For a moment he was alone, then the door opened and O'Brien came in.

'You asked me once,' said O'Brien, 'what was in Room 101. I told you that you
knew the answer already. Everyone knows it. The thing that is in Room 101 is
the worst thing in the world.'

The door opened again. A guard came in, carrying something made of wire, a box
or basket of some kind. He set it down on the further table. Because of the
position in which O'Brien was standing. Winston could not see what the thing
was.

'The worst thing in the world,' said O'Brien, 'varies from individual to
individual. It may be burial alive, or death by fire, or by drowning, or by
impalement, or fifty other deaths. There are cases where it is some quite
trivial thing, not even fatal.'

He had moved a little to one side, so that Winston had a better view of the
thing on the table. It was an oblong wire cage with a handle on top for
carrying it by. Fixed to the front of it was something that looked like a
fencing mask, with the concave side outwards. Although it was three or four
metres away from him, he could see that the cage was divided lengthways into
two compartments, and that there was some kind of creature in each. They were
rats.

'In your case,' said O'Brien, 'the worst thing in the world happens to be
rats.'

A sort of premonitory tremor, a fear of he was not certain what, had passed
through Winston as soon as he caught his first glimpse of the cage. But at
this moment the meaning of the mask-like attachment in front of it suddenly
sank into him.
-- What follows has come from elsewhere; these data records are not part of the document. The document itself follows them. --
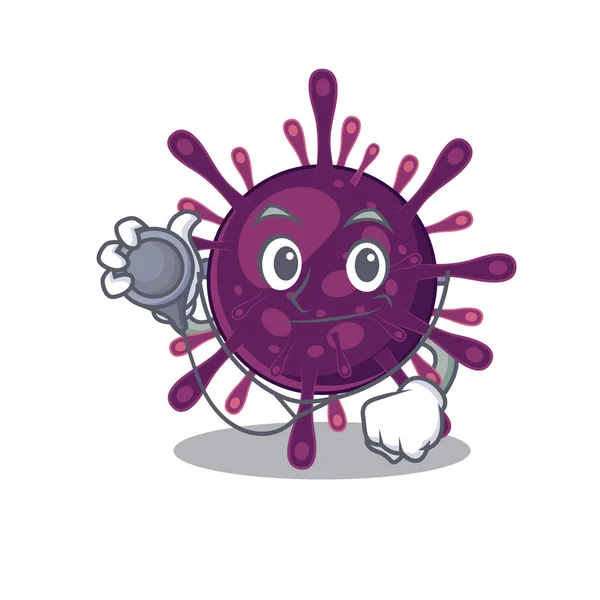Un elegante coronavirus insufficienza renale in un personaggio Doctor Cartoon con strumenti — Vettoriale Stock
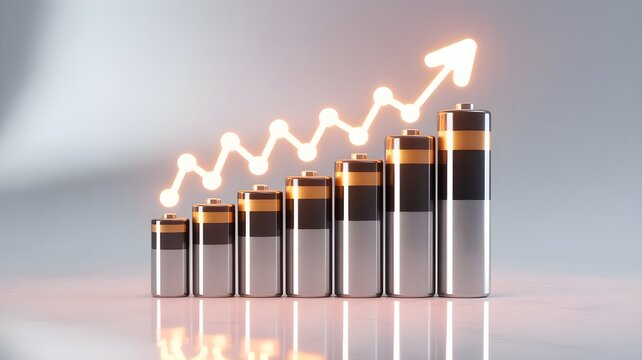 Row of cylindrical battery cells with glowing upward arrow indicating growth in battery market and investment trend.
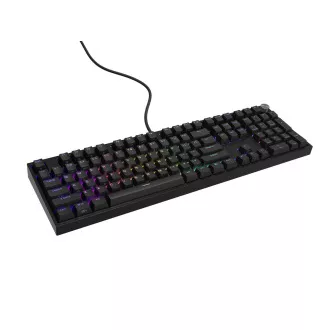 Herní mechanická klávesnice Genesis THOR 404/RGB/Gateron Yellow Pro/Drátové USB-A/US layout/Černá Herní mechanická klávesnice Genesis THOR 404/RGB/Gateron Yellow Pro/Drátové USB-A/US layout/Černá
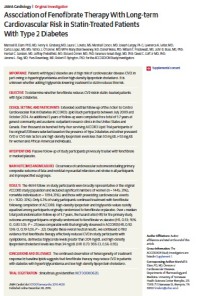 Image of Association of Fenofibrate Therapy With Long-term Cardiovascular Risk in Statin-Treated Patients With Type 2 Diabetes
His bowels seemed to turn to water._

\- George Orwell, _1984_

------
jsnk
Not exactly the same topic, but I don't know how I would feel about violence
in VR. I don't ever cared about violence in video games, music and movies and
such. I always thought that people arguing that violence in these games should
be censored were just puritans. But with sufficiently advanced VR, I believe
that you can really feel like what it would be like to someone who is
extremely violent. And I wonder if this can desensitize someone to the point
where their propensity to be violent is significantly increased due to VR
usage. We'll need to take ethics in VR more seriously as VR becomes more
mainstream and more powerful.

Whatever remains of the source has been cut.